**EXERCISE BRIEF**
The lines to copy run from the one containing "Mapa de Hotel" to the very end of the records; give them exactly, and only them, without pictures.

**TASK INPUTS**
-*-
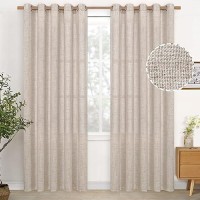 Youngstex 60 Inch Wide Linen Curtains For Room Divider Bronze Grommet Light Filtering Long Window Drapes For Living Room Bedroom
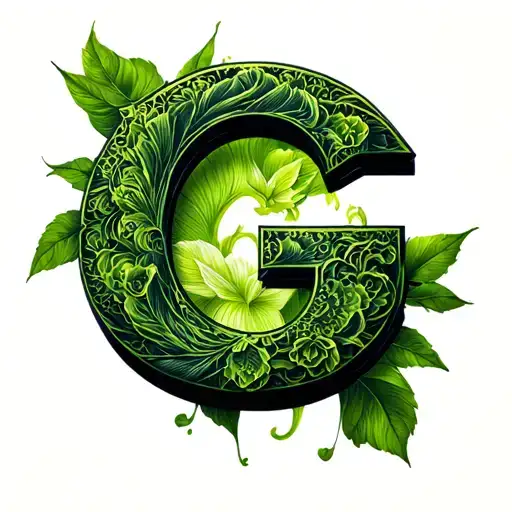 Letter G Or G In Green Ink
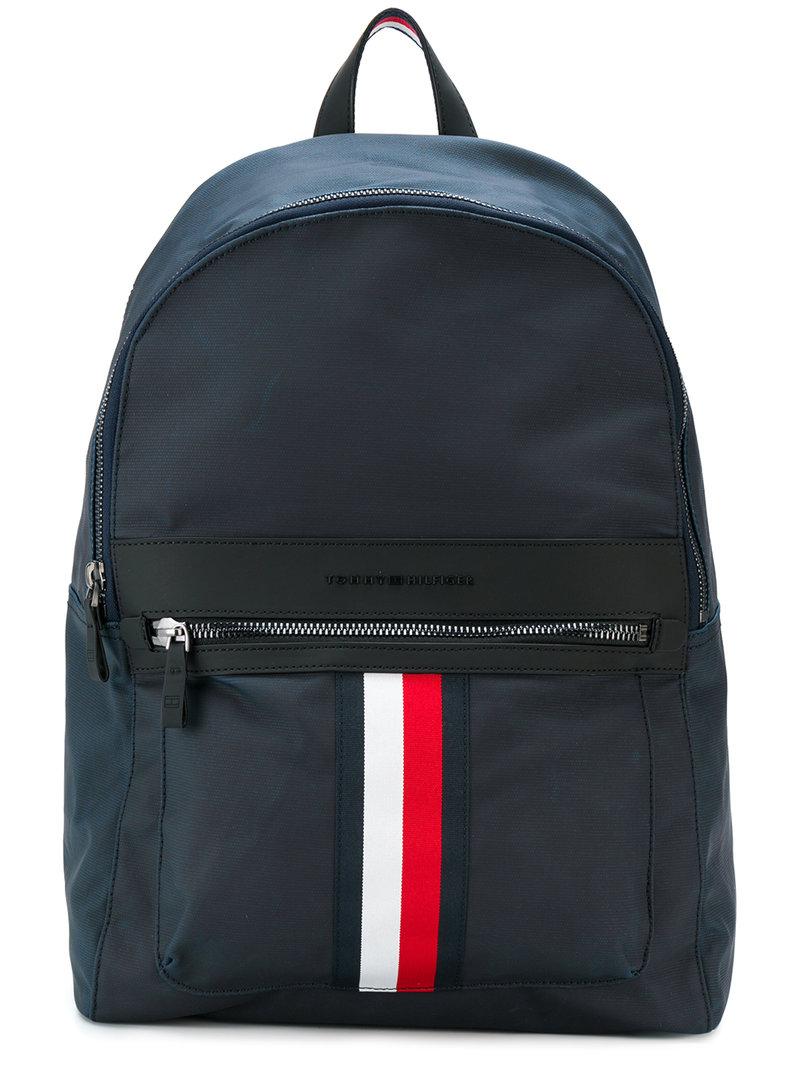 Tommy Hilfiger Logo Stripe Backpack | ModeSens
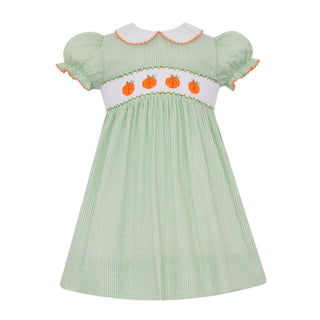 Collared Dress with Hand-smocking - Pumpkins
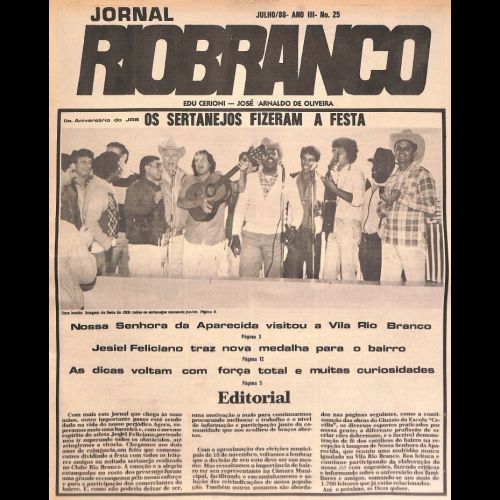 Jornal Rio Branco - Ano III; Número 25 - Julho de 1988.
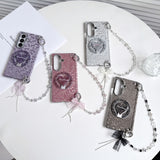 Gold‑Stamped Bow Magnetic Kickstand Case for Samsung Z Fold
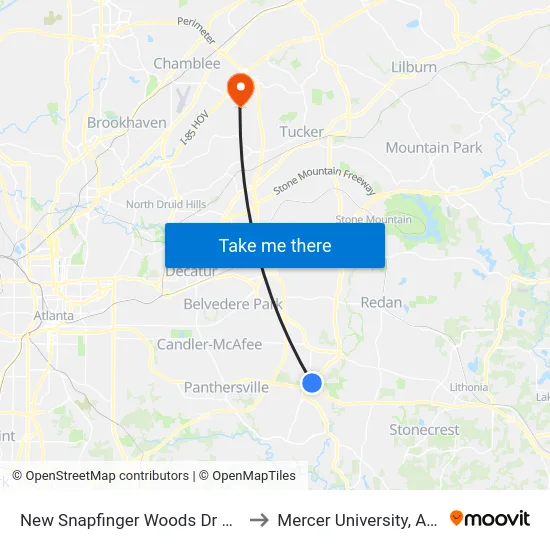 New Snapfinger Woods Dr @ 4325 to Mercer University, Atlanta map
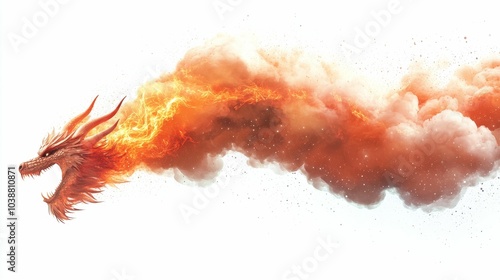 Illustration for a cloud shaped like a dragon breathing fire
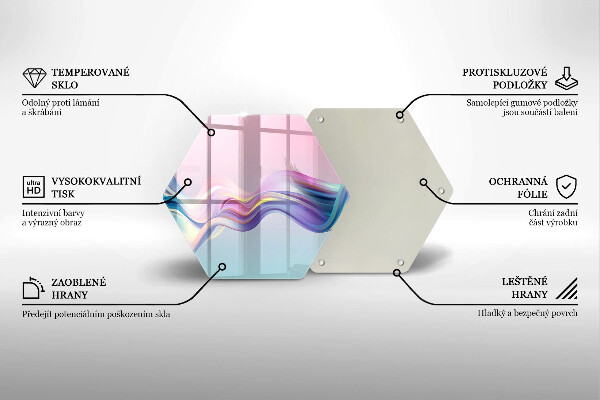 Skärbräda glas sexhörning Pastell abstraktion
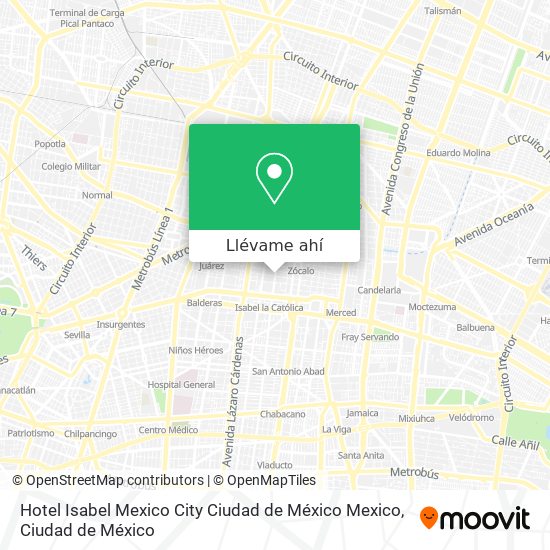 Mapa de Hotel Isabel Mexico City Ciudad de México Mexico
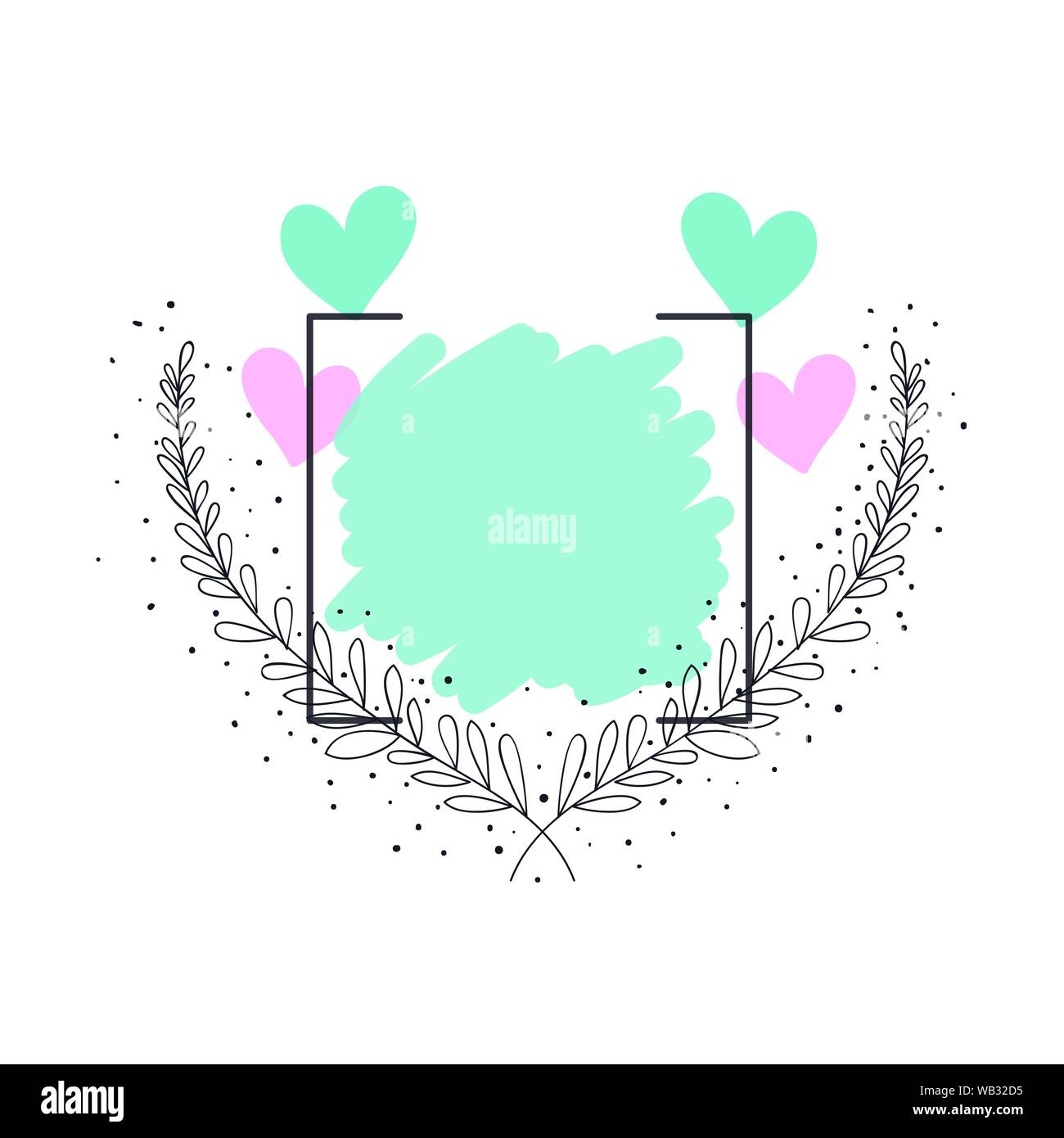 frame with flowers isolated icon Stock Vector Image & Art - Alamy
-*-
**WRITTEN REPLY**
 Mapa de Hotel Isabel Mexico City Ciudad de México Mexico
 frame with flowers isolated icon Stock Vector Image & Art - Alamy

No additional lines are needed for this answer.